[Crawled caption data]
--

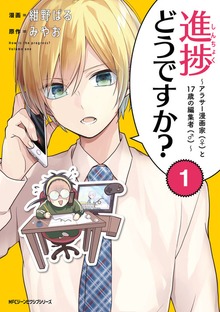 進捗どうですか？～アラサー漫画家(♀)と17歳の編集者(♂)～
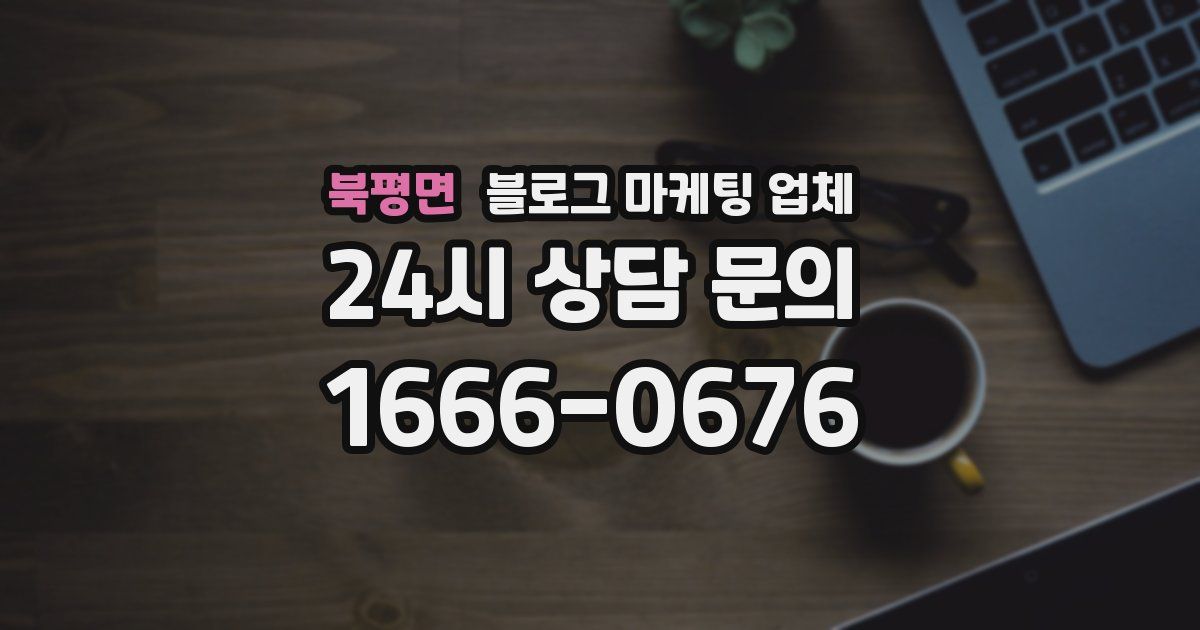 북평면 블로그 마케팅 업체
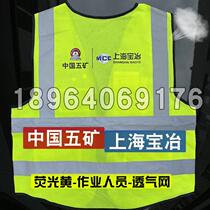 Shanghai Baoye Reflective Vest Zippered Night Reflective Clothing Vest Vest China Minmetals Safety Construction Clothing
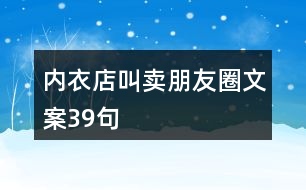 內(nèi)衣店叫賣(mài)朋友圈文案39句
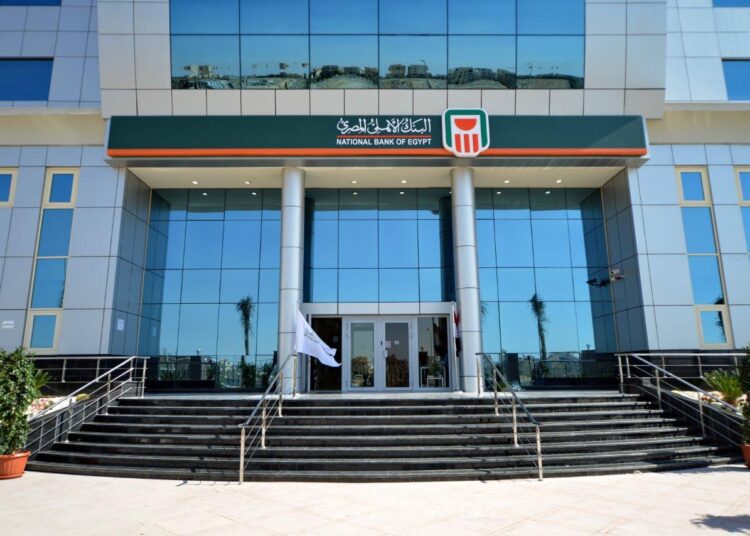 NBE, Banque Misr issue one-year saving certificate with return of 18% 2 - Egyptian Gazette NBE, Banque Misr issue one-year saving certificate with return of 18% 1 - Egyptian Gazette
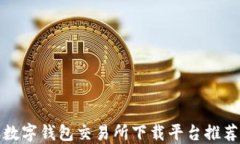 數(shù)字錢包交易所下載平臺(tái)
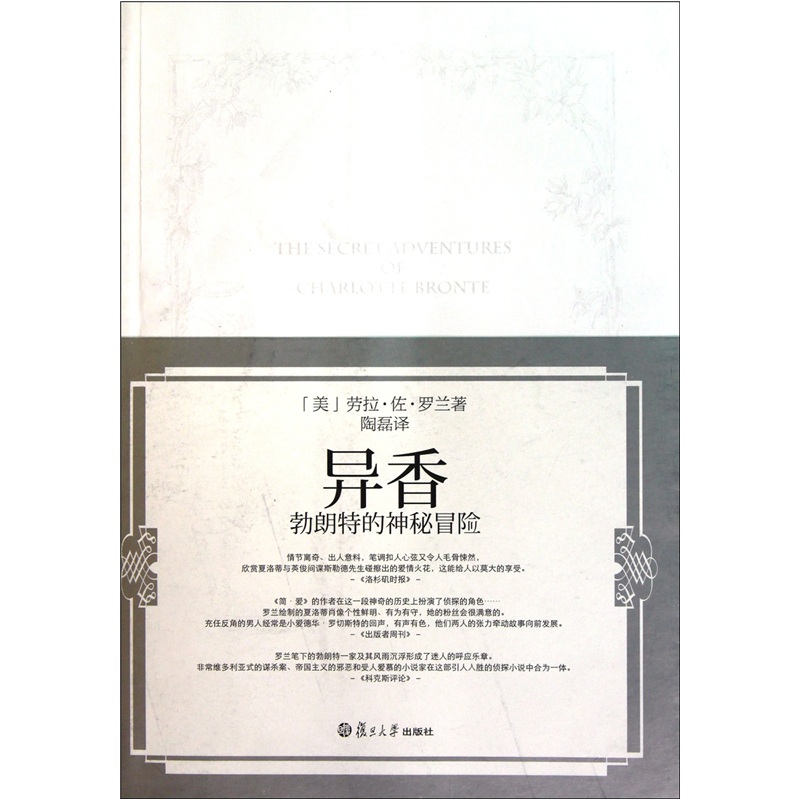 勃朗特小说系列·勃朗特的神秘冒险：异香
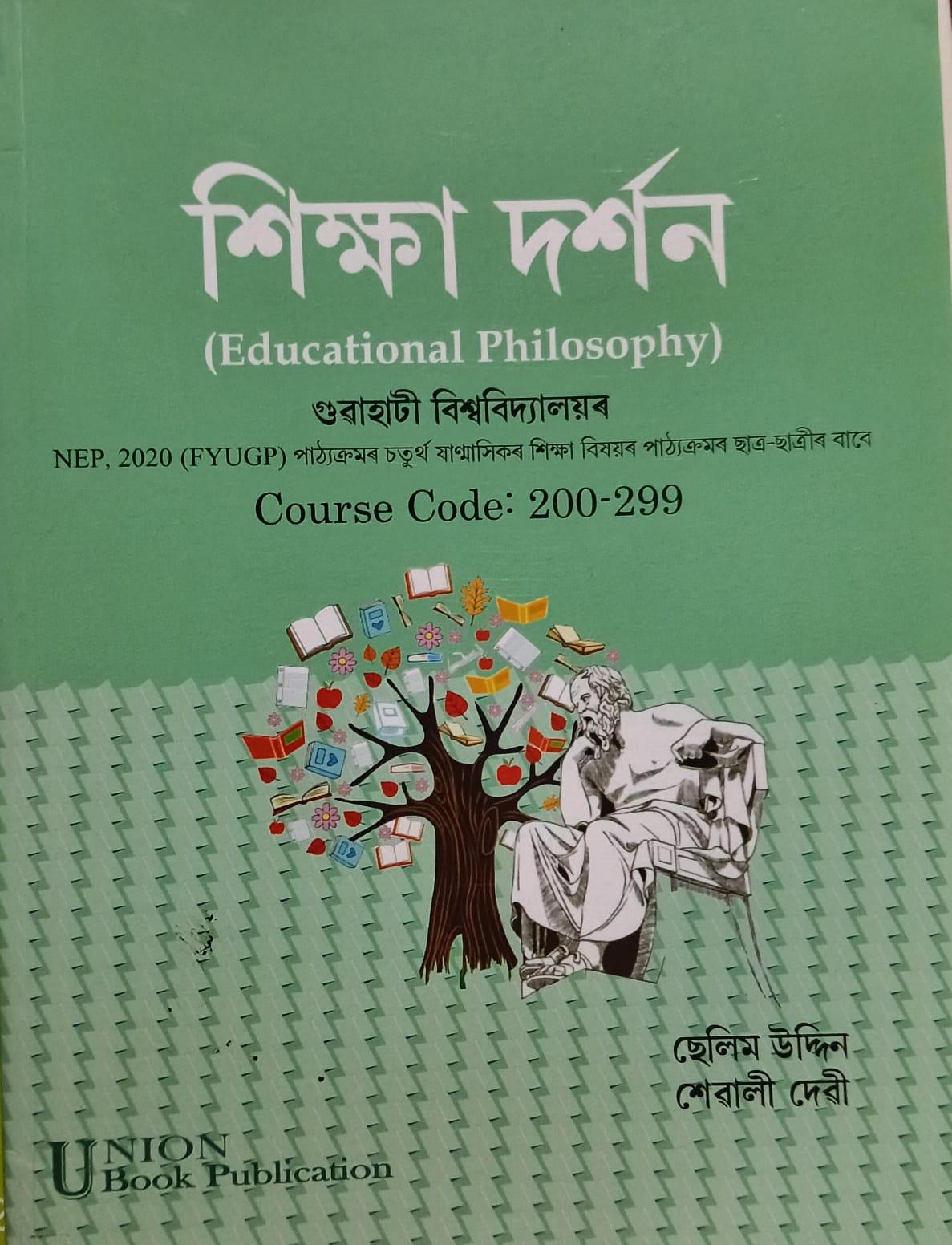 শিক্ষা দৰ্শন ( Educational Philosophy)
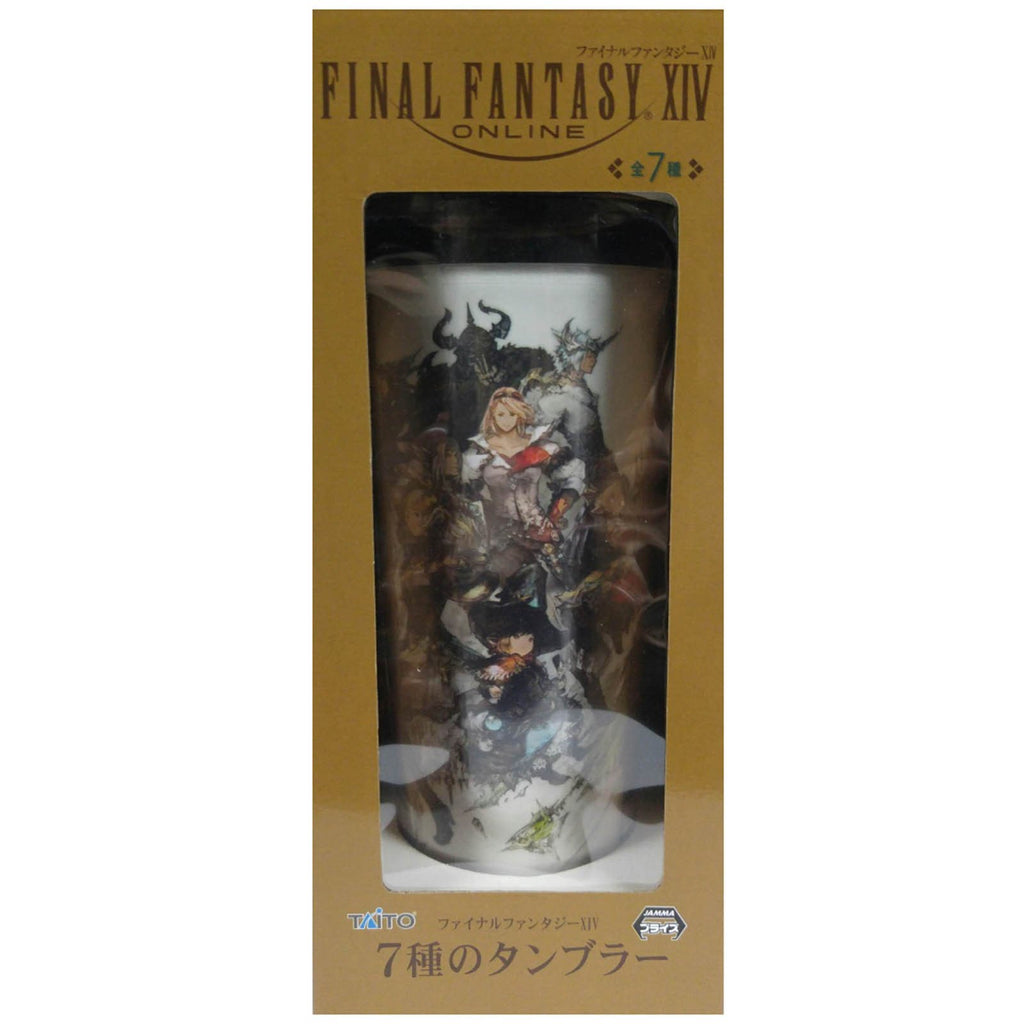 Final Fantasy XIV Cast Tumbler Cup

--

> **TASK ITEM**
The reply should reproduce every entry above word for word and contain no pictures.

> **RESPONSE**
 進捗どうですか？～アラサー漫画家(♀)と17歳の編集者(♂)～
 북평면 블로그 마케팅 업체
 Shanghai Baoye Reflective Vest Zippered Night Reflective Clothing Vest Vest China Minmetals Safety Construction Clothing
 內(nèi)衣店叫賣(mài)朋友圈文案39句
 NBE, Banque Misr issue one-year saving certificate with return of 18% 2 - Egyptian Gazette NBE, Banque Misr issue one-year saving certificate with return of 18% 1 - Egyptian Gazette
 數(shù)字錢包交易所下載平臺(tái)
 勃朗特小说系列·勃朗特的神秘冒险：异香
 শিক্ষা দৰ্শন ( Educational Philosophy)
 Final Fantasy XIV Cast Tumbler Cup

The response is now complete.